The decision to put artificial intelligence on a cloud server or an edge server should be made based on whether the inspection requires processing speed. For example, if mass production does not allow time for quality inspection of each product, Edge AI may be suitable. On the other hand, if quality inspection takes time and you just want to save labor, cloud AI will suffice instead of edge AI.
Next, let’s take a look at failure prediction (predictive maintenance). Here, a skilled technician infers a sign of failure from the flow of, for example, “feeling the sound or vibration of the device” → “noticing those changes” → “considering the time since the previous failure” → “judgment”. It is thought that you are doing it. Therefore, if the sensor installed in the device captures changes in sound and vibration, considers the time from a timer, etc., and makes a comprehensive judgment using artificial intelligence, it is theoretically possible to replace it with artificial intelligence. (In reality, there are problems of “learning” and various small problems. Solving these problems can be said to be a showcase of the skill of the production engineering department.)
In such cases, it is easier to make a subsequent response plan (this is called a “maintenance plan”) if the time from predicting a failure to issuing an alarm is as short as possible. Therefore, it may be possible to introduce edge AI, which is advantageous in terms of speed, to gain time for making a maintenance plan.

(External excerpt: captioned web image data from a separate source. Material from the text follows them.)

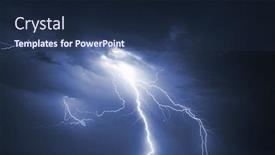  Presentation with lightening - Presentation featuring lightening-over-the-landscape background and a navy blue colored foreground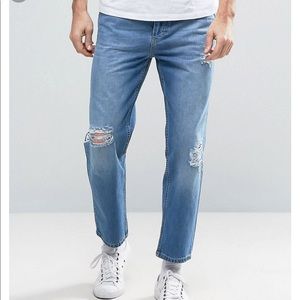 Religion Rehab Ripped Jeans in Washed Blue mens W34 L32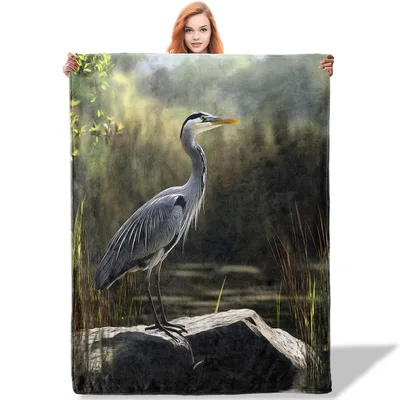 Great Blue Heron Blanket: Majestic Bird on Log Design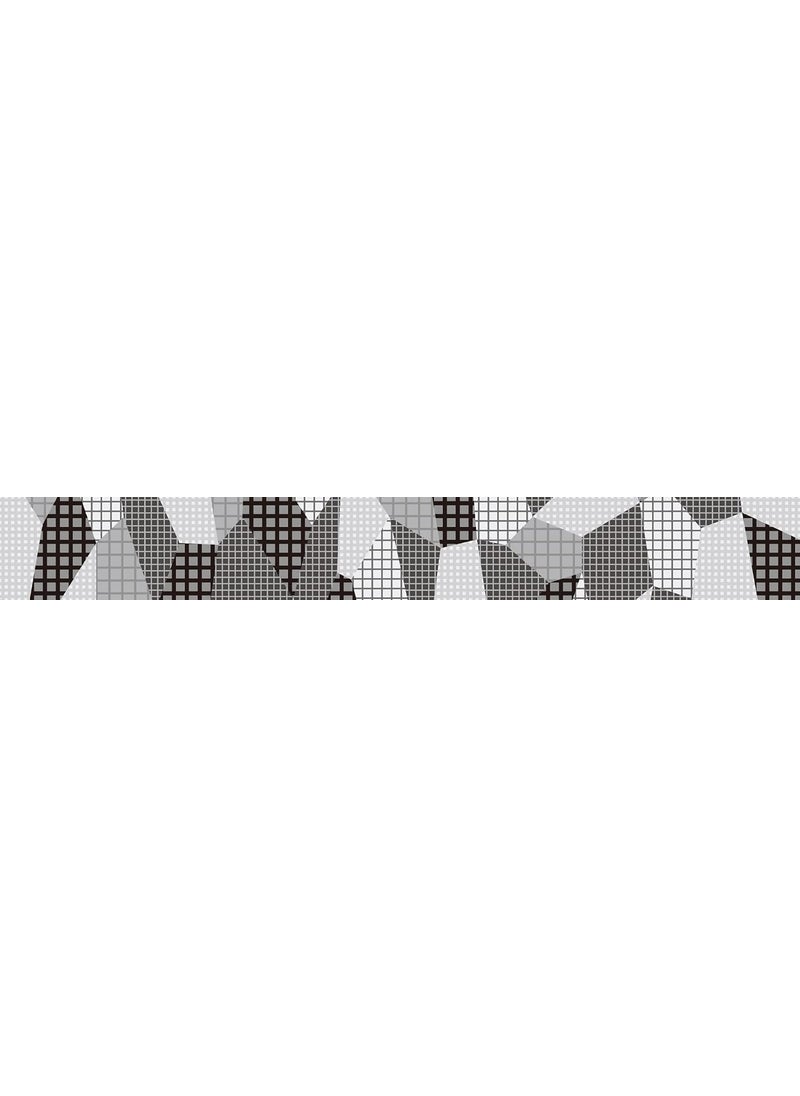 MT - mt Washi Masking Tape Borders, 15 mm x 7 mtrs Shade - Separate Check Monochrome, (Pack of 1) - Image 1
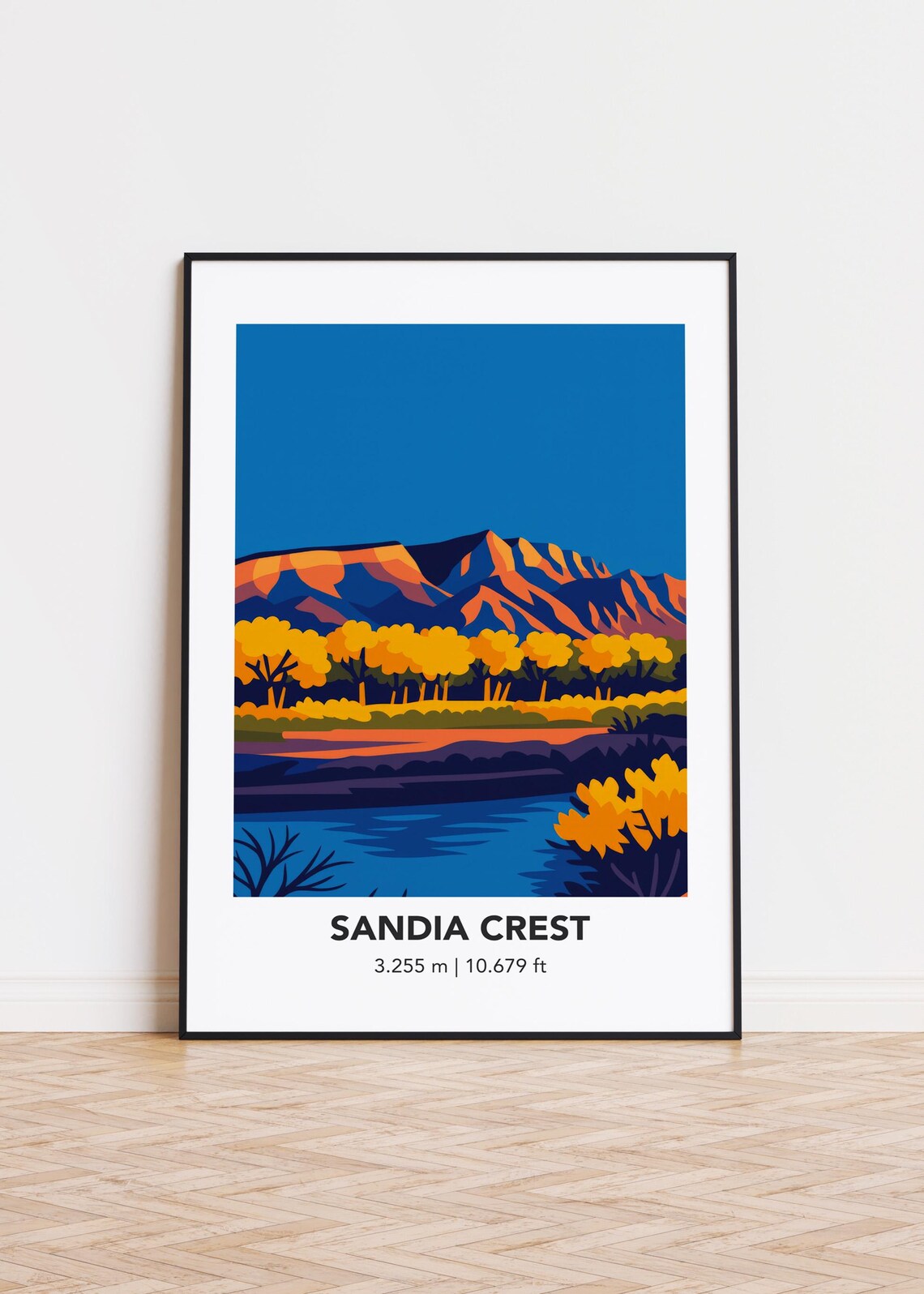 Sandia Crest Desert Sunset Mountains Travel Illustration Retro Art Poster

In addition, “learning” is required to introduce artificial intelligence, but this “learning” often requires the experience of a skilled engineer. Therefore, it is likely that the final job of a skilled technician in the field at retirement age will be more and more to entrust his experience to artificial intelligence.
Edge AI is one of the effective means to deal with the shortage of engineers
So far, we have outlined Edge AI. Edge AI is a technology designed to realize the benefits of artificial intelligence as fast as possible. In the old-fashioned production line, production engineers were always on the production line, and they maintained the line based on their experience and intuition. Now that these production engineers are in short supply, edge AI can be one of the effective solutions to the labor shortage problem if judgment and experience can be successfully transferred to artificial intelligence.